Conditional Poisson (Hurdle) Model
- Hurdle models are easy to motivate when it makes sense to dichotomize processes into those that lead to the presence or absence of a population and those that facilitate continued maintenance of a population. This would be the case in habitat suitability models that treat colonization and growth as separate processes and treat the possibility of subsequent extinction as unlikely.
- Often in both mixture and conditional models the primary goal is to develop separate regression models for θ and λ. Hurdle models are attractive in this regard because in formulating the loglikelihood for hurdle models the parameters involved in explaining θ and those involved in explaining λ occur in distinct portions of the loglikelihood.
- This facilitates estimation because that means the presence-absence portion of the model can be fit separately from the model for the nonzero counts.
- The parameters also have a clean interpretation. The parameters related to θ deal with habitat invasion while those used to predict λ relate to sustaining the population once it gets established and there is no overlap between them.
- This is not the case for the classical ZIP model. In the loglikelihood for the ZIP model θ occurs both by itself and also with terms that involve λ.
- Hurdle models easily generalize to continuous distributions. Thus one can have a point mass associated with the zero values while the remainder of the nonzero continuous observations are assumed to come from a density function with strictly positive support, one such as a lognormal or gamma distribution. Thus hurdle models are popular in fisheries research where a continuous measure such as catch per unit effort is used to quantify fishing success, but many fishing trips wind up catching no fish.
Some final remarks
The R packages pscl and zicounts provide implementations of both kinds of excess zero models.
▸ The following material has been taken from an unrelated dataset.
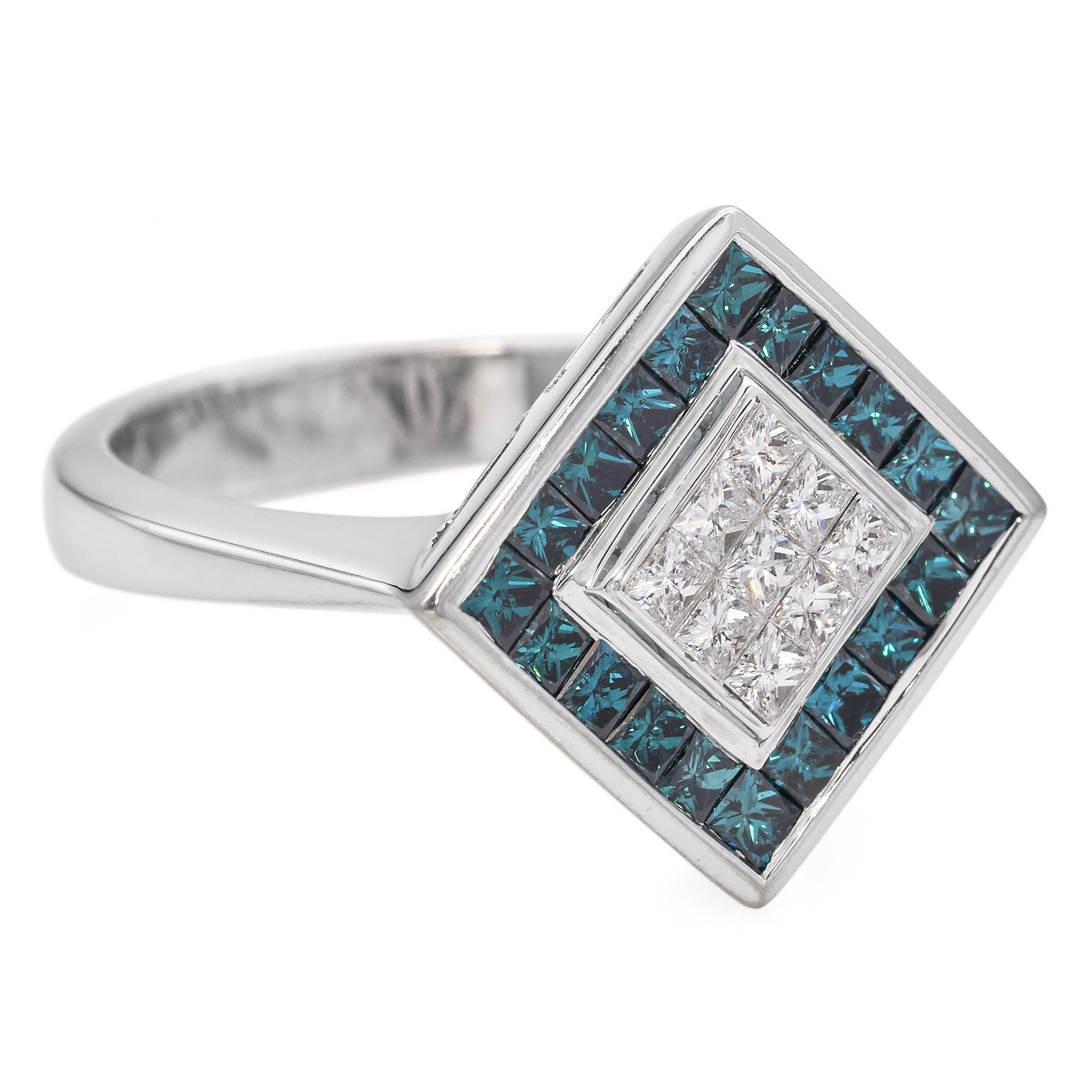 Princess Cut 18K White Gold Blue and White Invisible Set 1.01 TCW Diamond Geometric Ring For Sale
Poisson and negative binomial distributions for the nonzero counts are supported. The statistical package Stata also has functions dedicated to fitting ZIP and ZINB models.
There is the suggestion in the literature that zero-inflated negative binomial (ZINB) models often have convergence problems (Famoye and Singh 2006).
Zero-inflated models have a long history in the econometrics literature but the interest in these kinds of models in disciplines such as ecology appear to stem from Lambert (1992).
It's worth noting that Warton (2005) argues that many of the published uses of excess zero models are probably unnecessary. He argues that the negative binomial probability model by itself is sufficient to handle most occurrences of zero-inflation (relative to a Poisson distribution) in environmental and ecological data.
Some references on excess zero models
- Bohning, D., E. Dietz, P. Schlattmann, L. Mendonca, and U. Kirchner. 1999. The zero-inflated Poisson model and the decayed, missing, and filled teeth index in dental epidemiology. Journal of the Royal Statistical Society A 162: 265–280.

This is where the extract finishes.